Lejaren Arthur Hiller Jr

American

1924 —1994

Lejaren Arthur Hiller Jr. was a computer music pioneer who helped shape the field of computer-generated composition, most notably through his work on the Illiac Suite, one of the first major pieces created with computer assistance. His innovations in programming, composition, and electronic music laid important groundwork for how technology could expand creative possibilities in sound.

Full Bio

Lejaren Arthur Hiller Jr. was born in 1924 in New York City and raised in a household where music and image were deeply intertwined. His father, Lejaren Hiller Sr., was a well-known illustrator and art photographer who specialized in elaborate historical scenes. Hiller studied piano, clarinet, saxophone, oboe, harmony, and composition from a young age and began experimenting early with altering piano rolls. He went on to attend Princeton University, where he earned a PhD in chemistry while also studying composition with Milton Babbitt and Roger Sessions.
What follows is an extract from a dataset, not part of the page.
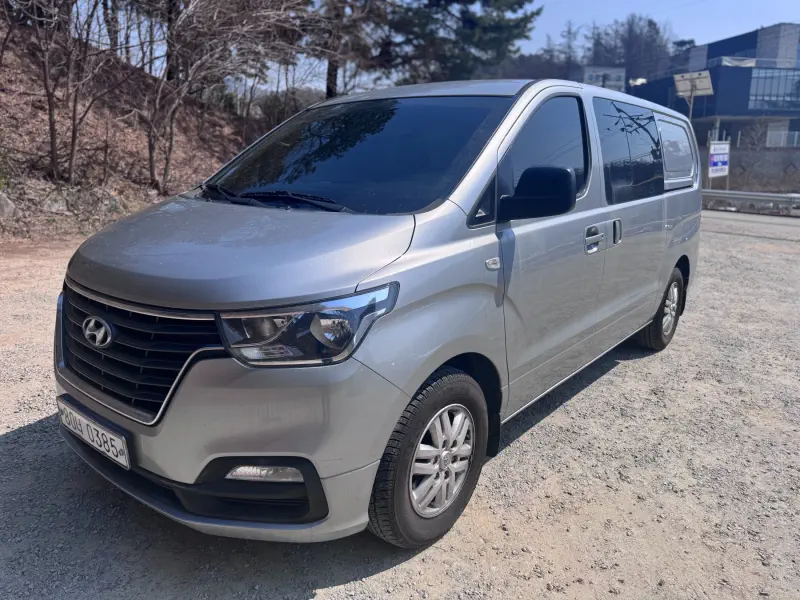 Hyundai Grand Starex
Hiller was a computer music pioneer who brought a scientific mindset to music composition. In the mid-1950s at the University of Illinois, he and Leonard Isaacson programmed the Illiac computer with musical rules to see what kind of music a machine could create. This experiment produced the Illiac Suite for string quartet, one of the first serious compositions made with computer assistance. Hiller adapted programming methods from his chemistry background to shape musical counterpoint and structure, treating the computer as a creative partner rather than just a tool.

Beyond that breakthrough, Hiller was a builder and thinker. He co-developed MUSICOMP, one of the first music programming languages, which led to pieces like the Computer Cantata. He founded the Experimental Music Studio at Illinois, one of the earliest hubs for electronic and computer music in the US. Later, at SUNY Buffalo, he continued combining technology, theory, and composition.

Over his career, Hiller wrote three books—including the groundbreaking Experimental Music: Composition with an Electronic Computer, co-authored with mathematician Leonard Isaacson, which detailed their pioneering work using the ILLIAC computer to compose music. The book explores the Illiac Suite and the methods behind its four movements, covering compositional rules, rhythms, dynamics, and probabilistic models like Markov chains. Alongside this, Hiller published over 80 articles on topics ranging from music and electronics to information theory and chemistry. He showed the possibilities of computer-assisted creativity at a time when few believed it was possible. Hiller passed away in 1994.